Pues nada [llora]. Es triste de que esté uno con… Agarra uno a Emiliano Zapata… se voltea uno solito… Pues, mejor muerto, que ser rendido.

Arrodillada, una señora aguardó en silencio. Antes de que los enterradores empezaran a cubrir el féretro, la mujer se irguió, tomó un puñado de tierra y lo arrojó sobre la caja. En seguida se retiró, secándose la cara con el rebozo. Los golpes sordos del martillo y las paladas de tierra que caen sobre el ataúd se escuchan a distancia, en medio del silencio profundo. Suenan las campanas: seis de la tarde.

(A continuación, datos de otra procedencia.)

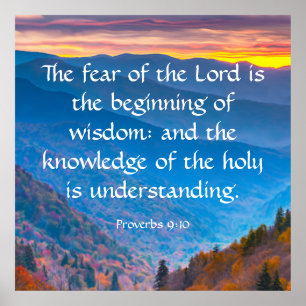 Sprichwörter 9:10 poster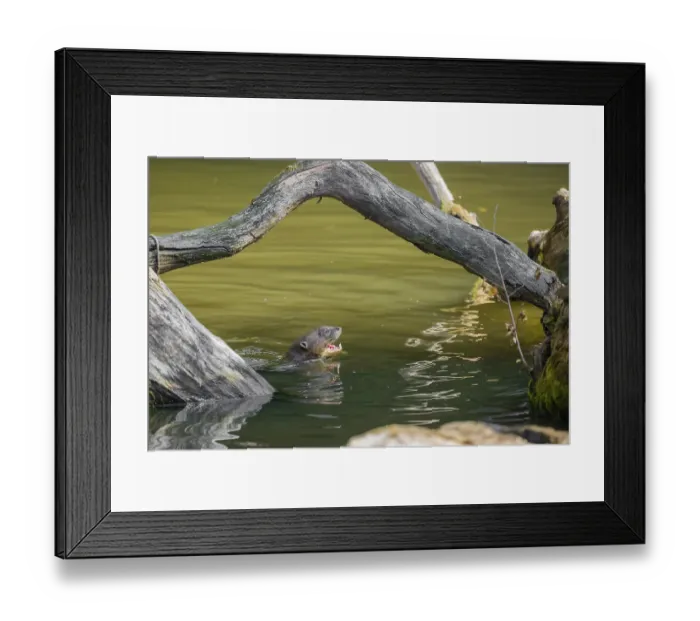 Framed Print : A giant otter or giant river otter (Pteronura brasiliensis) swims in a small river
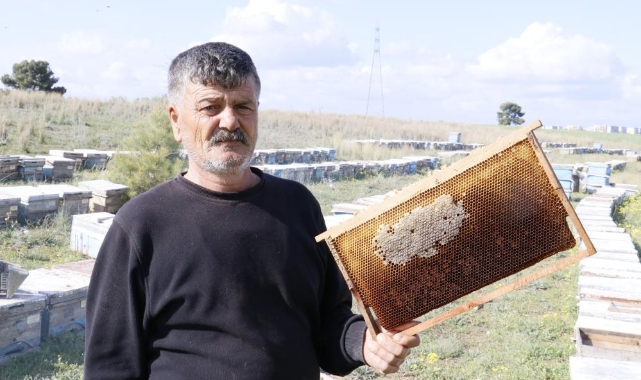 Vicdansız hırsızlar 700 adet bal peteğini çaldı, arıları talan etti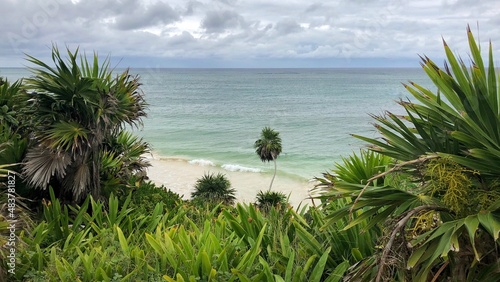 trees on the beach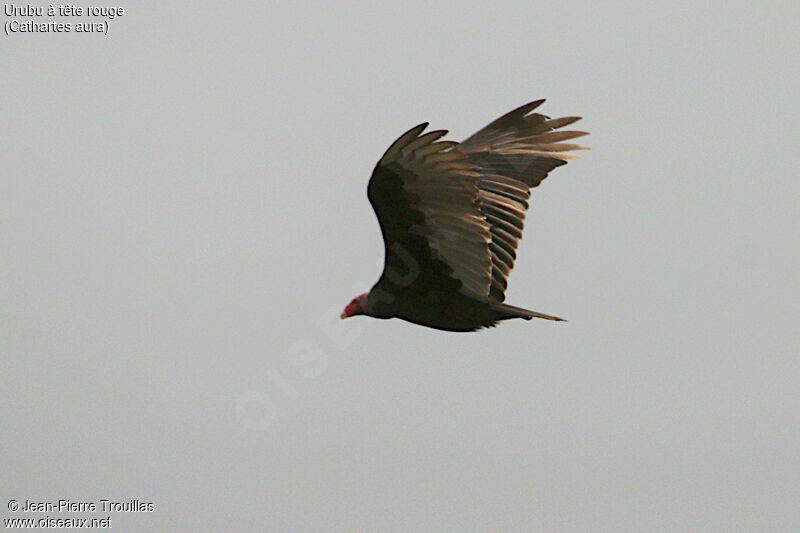 Turkey Vulture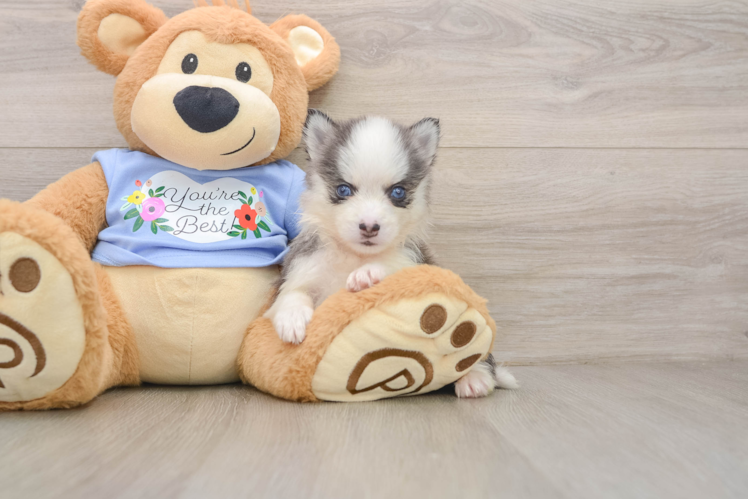 Little Husky and Pomeranian Mix Designer Puppy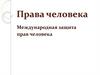 Права человека. Международная защита прав человека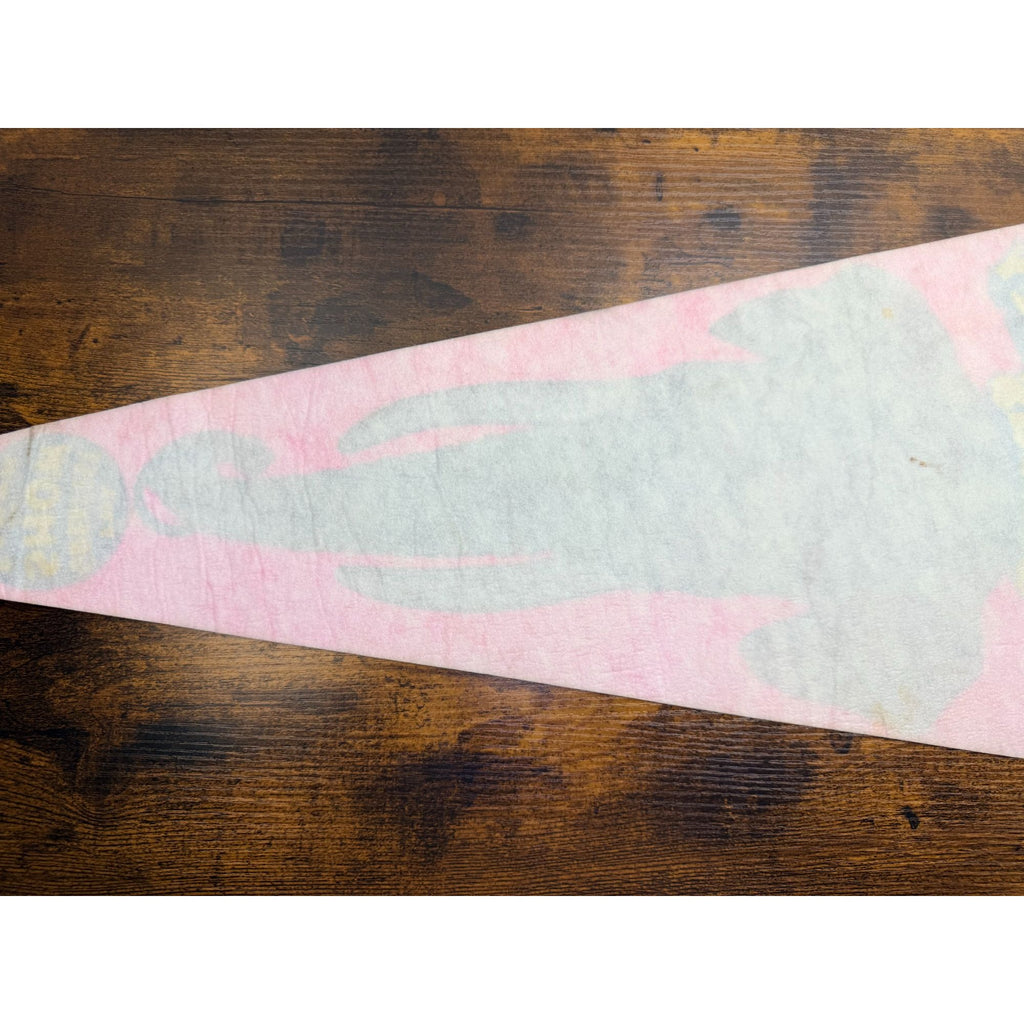 Ringling Bros. Barnum & Bailey Circus Elephant Pennant Vintage Pink & Blue Felt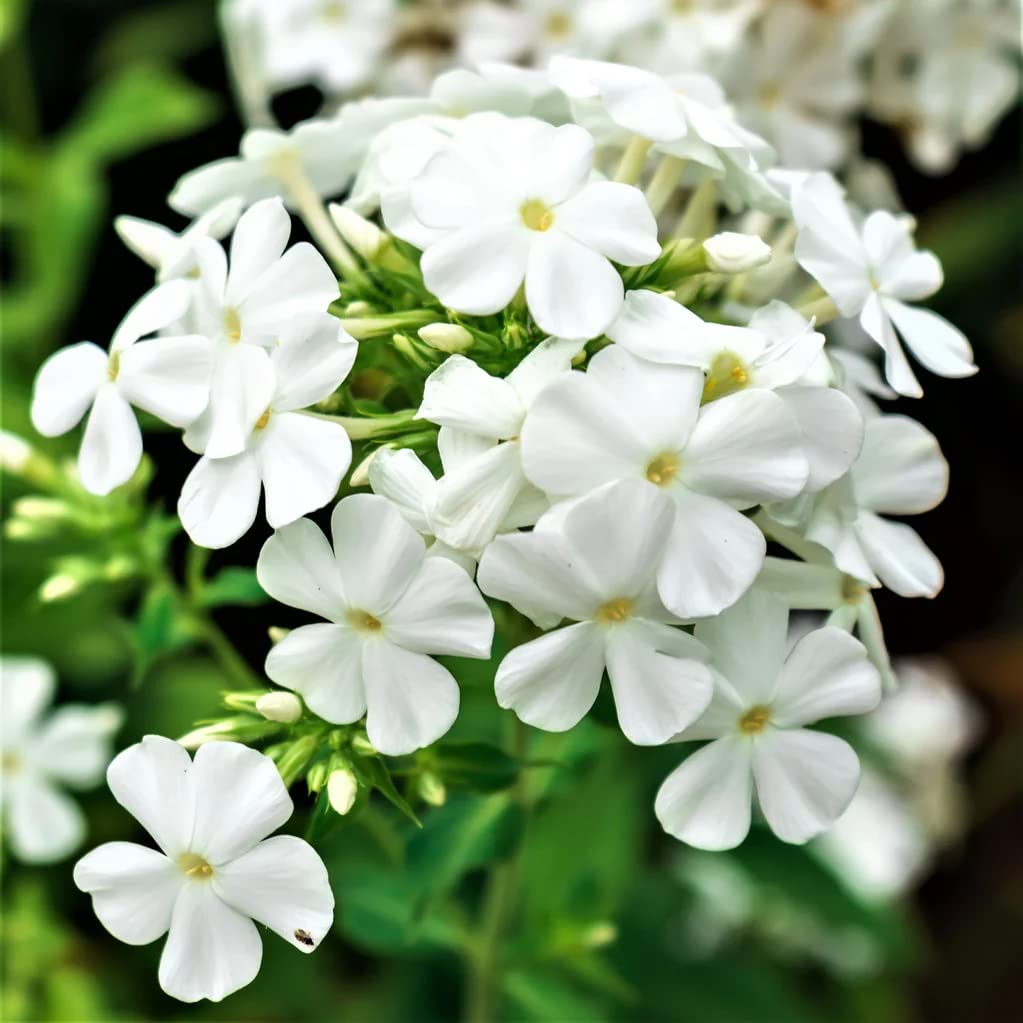 Votaniki David Phlox Bare Root Start - Perennial, Fragrant Blooms, Paniculata David Phlox Bare Root for Planting - Perfect for Borders, Garden Beds, and Containers (1 Pack)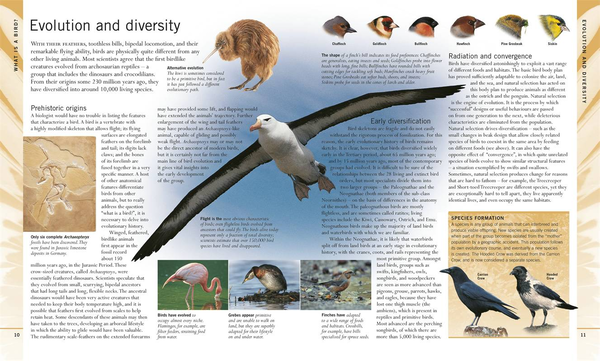 Паперова книга «RSPB Birdwatching for Beginners», автор Роб Г'юм - фото №1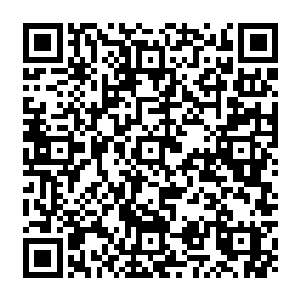 这些类似蚯蚓的东西从这个人的身体之中爬出来过后便是迅速的化为了灰色的灰烬二维码生成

La noticia del asesinato de Emiliano Zapata se propagó de inmediato en la prensa. El 11 de abril, uno de los diarios más importantes de la capital, Excélsior, encabezó su primera plana con caracteres rojos, a ocho columnas, con la siguiente leyenda: “Murió Emiliano Zapata: el zapatismo ha muerto”.

Ése fue el sentido que se quiso imponer al acontecimiento. El Universal comentó en la primera página: “Emiliano Zapata, el jefe más tenaz de la región suriana ha muerto ya; el zapatismo, sin su viejo hombre-bandera, ha terminado”. Por su parte, El Demócrata expresó en otro encabezado: “Ahora es fácil la tarea de exterminar los restos del endeble zapatismo”.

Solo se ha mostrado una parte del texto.